We set off, predictably I wasn't keen to put a turn in, pointing my skis down this gradient seem to go against all sanity and while I told my self to turn my body simply refused, I looked at Roeland, this could be a long afternoon, he remained patient. “ill put in a outward facing kick turn “ I said pretending that is what I had planned to do all along. Problem was this was another trick I had learned the week before, on much less steep ground, if i sounded confident, I wasn't. I kicked myself a platform in the snow and tentatively pickup my downhill ski, balanced precariously on one ski staring down the slope I twisted my knee and placed my ski down pointing the opposite way. Now I was stood in an awkward and twisted position. I tentatively weighted the lower ski and spun the other ski to join it in the opposite direction.
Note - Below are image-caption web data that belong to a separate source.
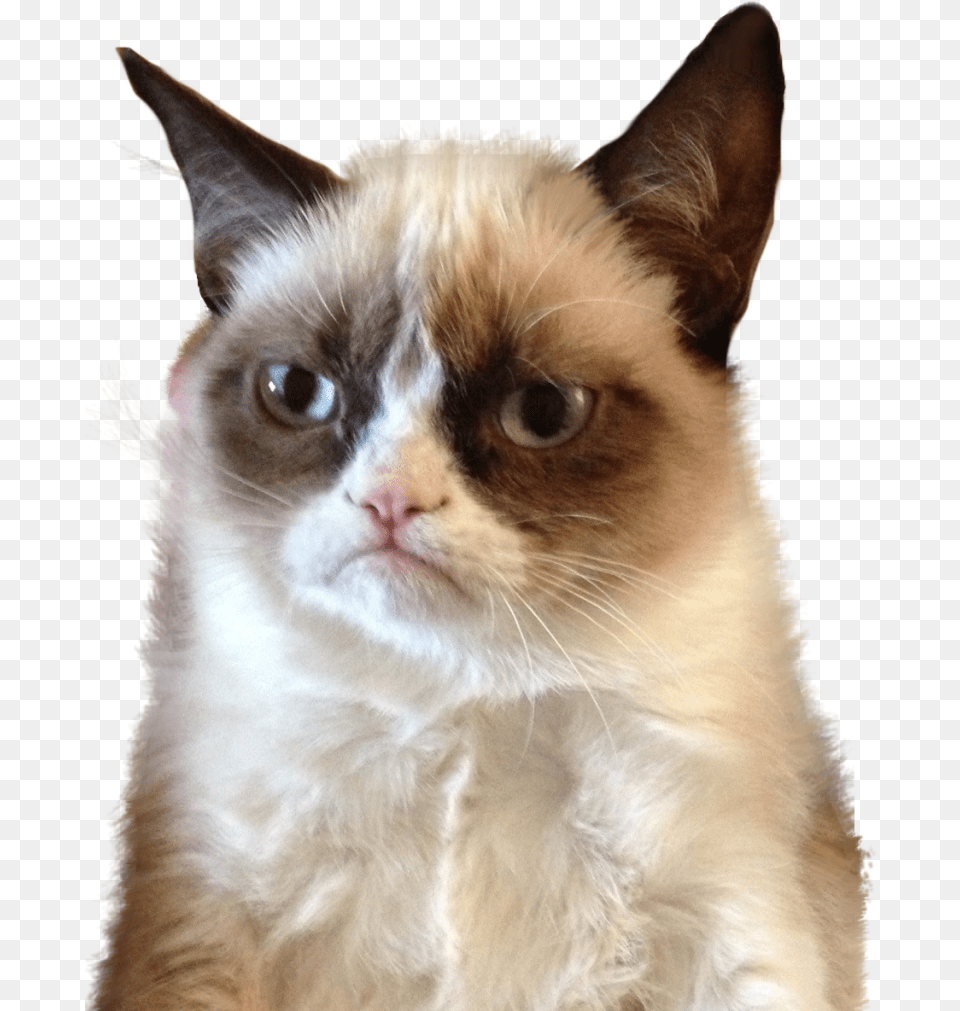 Grumpy Cat, Animal, Mammal, Pet, Siamese Png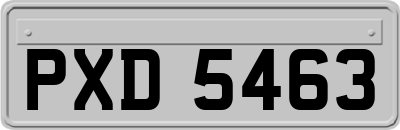 PXD5463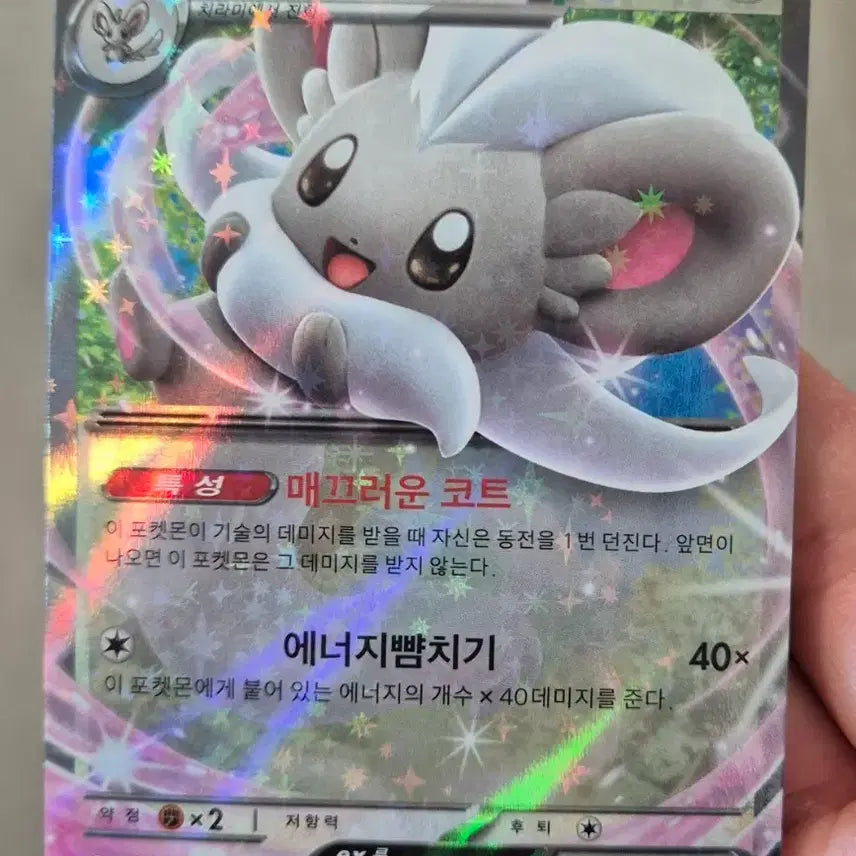 [BUNJANG] Pokemon Card Chirachino RR / 닌자스피너 포켓몬카드 치라치노 rr 팝니다.
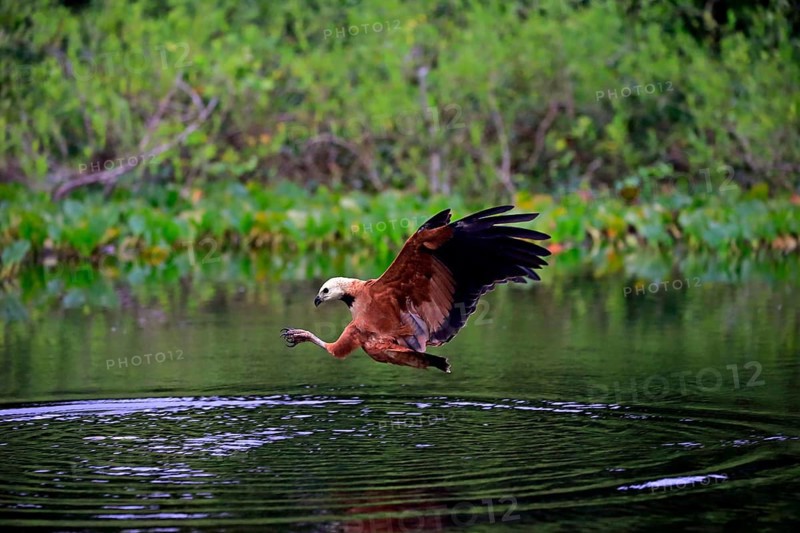 Black-collared hawk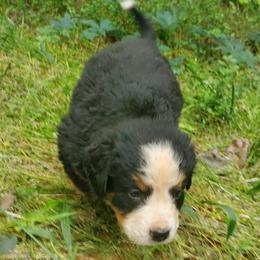 Girl 6 - Black rust and white female Bernese Mountain Dog puppy in Nicholson, Georgia from Bernese Mountain Dogs of Pony Trail Farm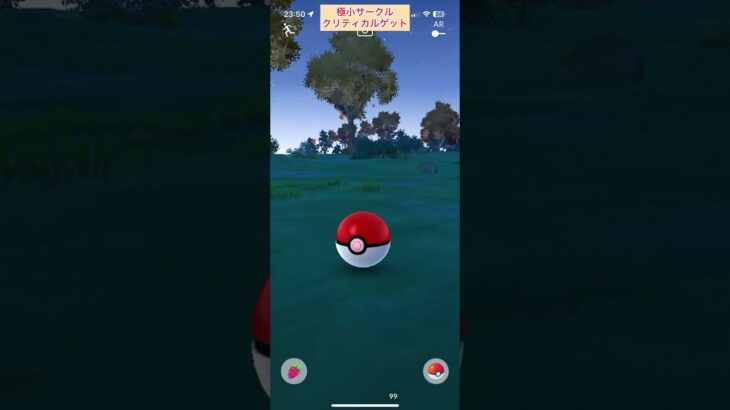 【難易度低】ナマケロ極小サークルクリティカルゲット【ポケモンGO】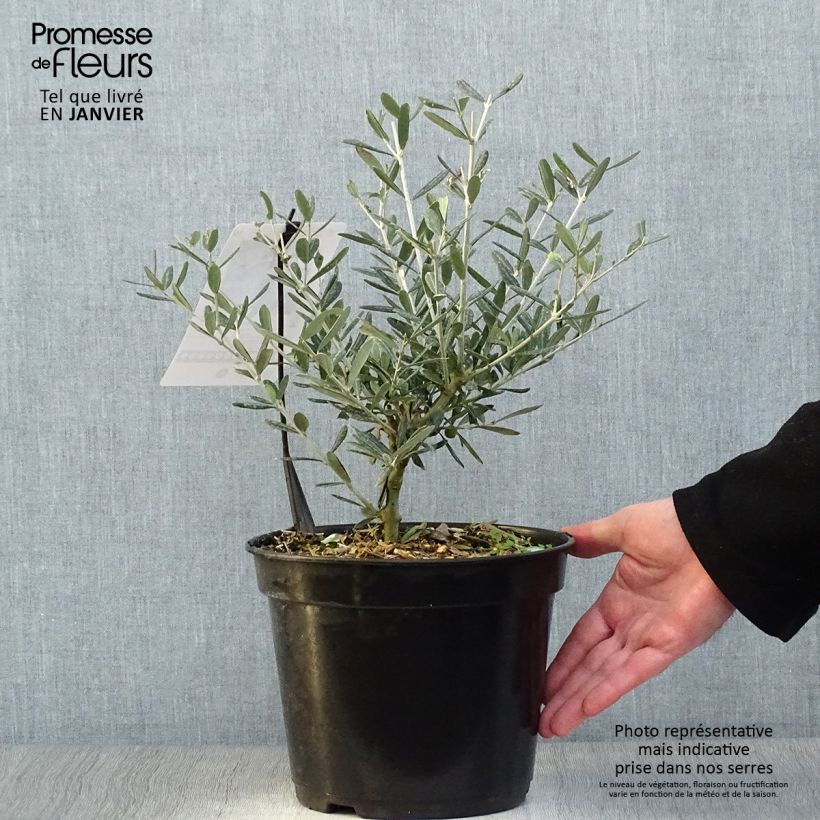 Exemplar von Olivier Lucques - Olea europaea Pot de 3L/4L wie im Winter geliefert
Then I was able to traverse down again without having to ski a turn. I did a few of these until the ground became less steep. Eventually with a lot of coaxing from Roeland I did my first turn, the powder was deep and My skis took an age to respond to the turn. Once I Had done a few I begin to settle down and enjoy the skiing. As we continued to descend I began to enjoy myself more and more. The snow was deep and fluffy and I was making fresh tracks. I stopped to look back at the line I had skied, stretching out behind me were curved s snapped tracks reaching as far as I could see, we had descended a long way in a short time - I am sold ski descents are way better than walking down. Slight problem - my legs have become like jelly. My thighs burn every time I ski and the gap between me needing to rest is getting shorter and the final part of the ski down was by far the most challenging.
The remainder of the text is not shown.